=== WORK ITEM ===
Please restate exactly the lines from the one holding "this 250×188 image." to the end of the material, including both ends and excluding every picture.

═══

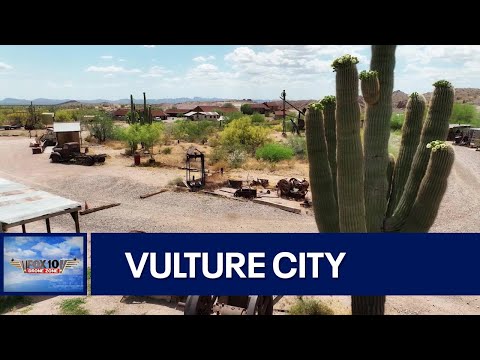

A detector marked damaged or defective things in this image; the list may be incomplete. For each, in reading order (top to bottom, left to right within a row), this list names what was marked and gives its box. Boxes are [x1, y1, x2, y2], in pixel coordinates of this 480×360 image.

rusty machinery [185, 146, 205, 191]
rusty machinery [276, 177, 310, 200]
rusty machinery [182, 296, 284, 316]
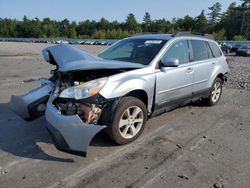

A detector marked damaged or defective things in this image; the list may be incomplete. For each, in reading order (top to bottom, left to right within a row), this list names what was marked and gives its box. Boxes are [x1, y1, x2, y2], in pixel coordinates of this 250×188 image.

broken headlight [60, 76, 109, 100]
crumpled front hood [42, 44, 145, 72]
damaged front bumper [45, 95, 106, 156]
detached bumper piece [45, 96, 106, 156]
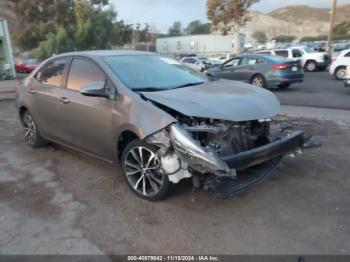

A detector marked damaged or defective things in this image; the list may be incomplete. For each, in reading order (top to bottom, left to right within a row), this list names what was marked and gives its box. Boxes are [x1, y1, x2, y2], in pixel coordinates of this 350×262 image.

damaged silver sedan [15, 50, 320, 201]
crumpled hood [141, 79, 280, 121]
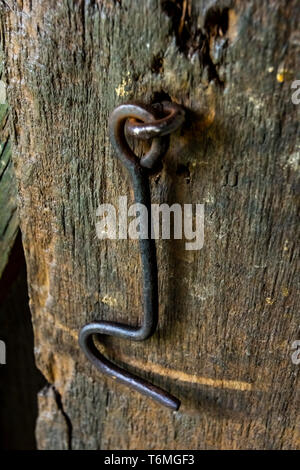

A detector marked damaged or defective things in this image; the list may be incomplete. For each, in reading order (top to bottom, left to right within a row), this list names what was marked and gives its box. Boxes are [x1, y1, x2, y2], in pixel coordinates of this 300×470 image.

rusty metal hook [78, 101, 184, 410]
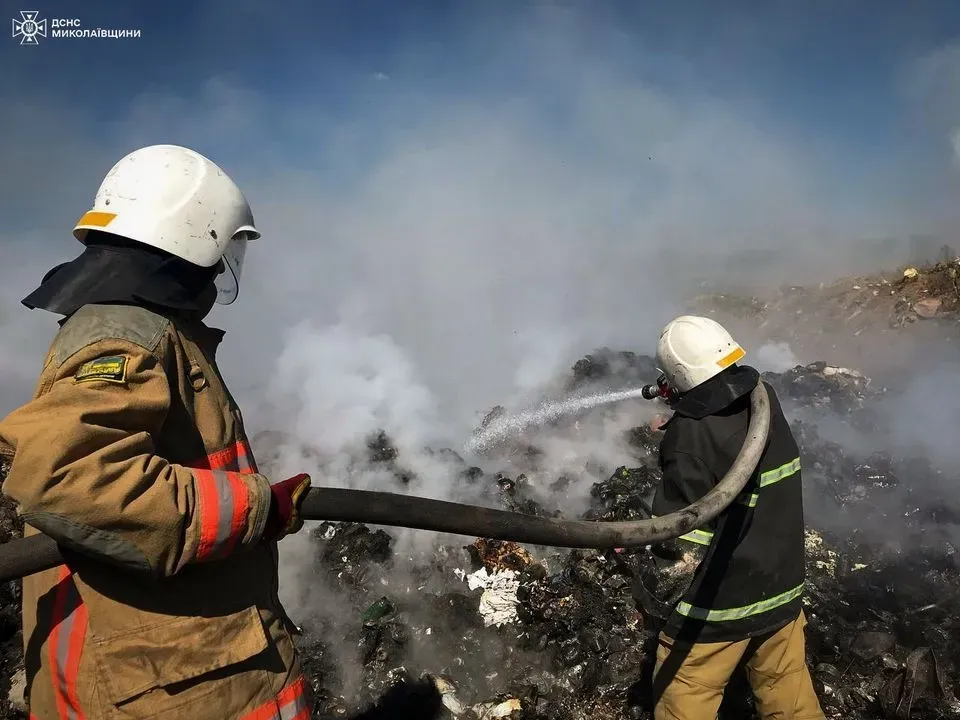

═══

=== ANSWER SECTION ===
A detector marked damaged or defective things in this image; the list may be incomplete. For each, in reading order (top to bottom, left to right within a row), this list names what was marked and gives its box. Boxes are [x1, y1, x2, y2], in pixel coordinates of this 250×188 image.

broken headlight [60, 76, 109, 100]
crumpled front hood [42, 44, 145, 72]
damaged front bumper [45, 95, 106, 156]
detached bumper piece [45, 96, 106, 156]

A detector marked damaged or defective things in this image; the list may be incomplete. For each, in reading order (top to bottom, left to right within a row), this list names what was marked and gives its box. Boxes are [x1, y1, x2, y2], in pixel coordinates of this 350×262 image.

damaged silver sedan [15, 50, 320, 201]
crumpled hood [141, 79, 280, 121]

A detector marked damaged or defective things in this image; the list may be incomplete. For each, in reading order (top to bottom, left to right within a row), this list names what was marked and gives its box. Boxes are [x1, y1, x2, y2], in pixel coordinates of this 300×470 image.

rusty metal hook [78, 101, 184, 410]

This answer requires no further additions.